[MATERIAL SHOWN — start]

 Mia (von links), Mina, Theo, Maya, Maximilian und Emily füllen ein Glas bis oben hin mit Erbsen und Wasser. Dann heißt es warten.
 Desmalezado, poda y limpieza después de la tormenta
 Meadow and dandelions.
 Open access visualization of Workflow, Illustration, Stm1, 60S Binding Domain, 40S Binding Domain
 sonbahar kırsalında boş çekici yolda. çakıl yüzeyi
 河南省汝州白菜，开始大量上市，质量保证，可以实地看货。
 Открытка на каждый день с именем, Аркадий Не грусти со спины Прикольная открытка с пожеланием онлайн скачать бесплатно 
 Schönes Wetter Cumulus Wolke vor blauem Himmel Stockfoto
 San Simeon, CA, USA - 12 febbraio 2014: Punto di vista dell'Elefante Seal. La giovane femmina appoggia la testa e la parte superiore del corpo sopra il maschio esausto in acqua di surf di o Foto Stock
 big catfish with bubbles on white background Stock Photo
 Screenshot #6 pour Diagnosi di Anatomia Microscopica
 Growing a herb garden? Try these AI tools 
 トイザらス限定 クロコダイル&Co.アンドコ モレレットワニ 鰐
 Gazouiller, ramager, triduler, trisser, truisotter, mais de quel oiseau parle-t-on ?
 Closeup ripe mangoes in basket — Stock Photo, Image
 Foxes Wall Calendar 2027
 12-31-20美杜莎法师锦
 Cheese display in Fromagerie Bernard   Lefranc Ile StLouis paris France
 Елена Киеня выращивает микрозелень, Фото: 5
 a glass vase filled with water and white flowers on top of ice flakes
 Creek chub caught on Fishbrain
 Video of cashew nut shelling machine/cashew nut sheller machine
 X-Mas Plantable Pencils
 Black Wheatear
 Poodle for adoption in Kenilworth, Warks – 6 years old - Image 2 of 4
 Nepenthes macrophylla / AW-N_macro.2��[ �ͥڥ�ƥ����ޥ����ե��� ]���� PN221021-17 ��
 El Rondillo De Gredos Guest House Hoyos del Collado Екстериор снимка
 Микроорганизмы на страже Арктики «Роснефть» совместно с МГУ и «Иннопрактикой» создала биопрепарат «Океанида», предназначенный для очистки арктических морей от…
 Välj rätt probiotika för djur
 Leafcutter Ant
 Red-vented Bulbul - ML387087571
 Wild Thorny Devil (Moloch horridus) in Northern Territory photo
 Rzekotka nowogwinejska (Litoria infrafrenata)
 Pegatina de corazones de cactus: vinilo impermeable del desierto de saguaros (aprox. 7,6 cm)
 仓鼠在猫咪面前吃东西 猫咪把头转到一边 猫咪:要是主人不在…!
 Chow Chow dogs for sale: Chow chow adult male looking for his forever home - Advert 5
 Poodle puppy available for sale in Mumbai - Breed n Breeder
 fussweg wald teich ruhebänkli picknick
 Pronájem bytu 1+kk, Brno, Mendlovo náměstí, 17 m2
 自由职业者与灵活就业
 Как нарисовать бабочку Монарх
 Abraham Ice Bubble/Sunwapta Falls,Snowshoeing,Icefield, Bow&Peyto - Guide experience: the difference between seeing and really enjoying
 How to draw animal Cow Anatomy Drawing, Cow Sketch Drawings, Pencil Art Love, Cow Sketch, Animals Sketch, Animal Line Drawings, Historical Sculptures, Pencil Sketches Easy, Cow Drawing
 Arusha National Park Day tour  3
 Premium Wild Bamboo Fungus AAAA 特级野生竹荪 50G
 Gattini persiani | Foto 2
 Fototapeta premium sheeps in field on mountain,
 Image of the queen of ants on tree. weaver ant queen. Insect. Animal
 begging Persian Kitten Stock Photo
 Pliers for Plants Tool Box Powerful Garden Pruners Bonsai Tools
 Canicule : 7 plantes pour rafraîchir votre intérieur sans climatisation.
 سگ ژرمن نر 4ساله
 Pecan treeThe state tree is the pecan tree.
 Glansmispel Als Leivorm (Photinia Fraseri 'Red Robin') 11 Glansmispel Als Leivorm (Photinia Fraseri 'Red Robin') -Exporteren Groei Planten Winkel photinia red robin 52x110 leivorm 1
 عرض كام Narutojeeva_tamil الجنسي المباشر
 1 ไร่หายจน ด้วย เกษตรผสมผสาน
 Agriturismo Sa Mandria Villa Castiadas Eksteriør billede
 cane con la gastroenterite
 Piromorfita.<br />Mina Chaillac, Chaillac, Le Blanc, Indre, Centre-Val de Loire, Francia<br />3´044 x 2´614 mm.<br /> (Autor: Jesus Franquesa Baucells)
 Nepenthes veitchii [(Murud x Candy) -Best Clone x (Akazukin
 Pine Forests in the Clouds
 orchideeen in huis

[MATERIAL SHOWN — finish]

### ACTIVITY:
The answer must hold exactly the lines of the entries above, from the first line through the line that contains "河南省汝州白菜，开始大量上市，质量保证，可以实地看货。", and no others.

### EXERCISE RESULT:
 Mia (von links), Mina, Theo, Maya, Maximilian und Emily füllen ein Glas bis oben hin mit Erbsen und Wasser. Dann heißt es warten.
 Desmalezado, poda y limpieza después de la tormenta
 Meadow and dandelions.
 Open access visualization of Workflow, Illustration, Stm1, 60S Binding Domain, 40S Binding Domain
 sonbahar kırsalında boş çekici yolda. çakıl yüzeyi
 河南省汝州白菜，开始大量上市，质量保证，可以实地看货。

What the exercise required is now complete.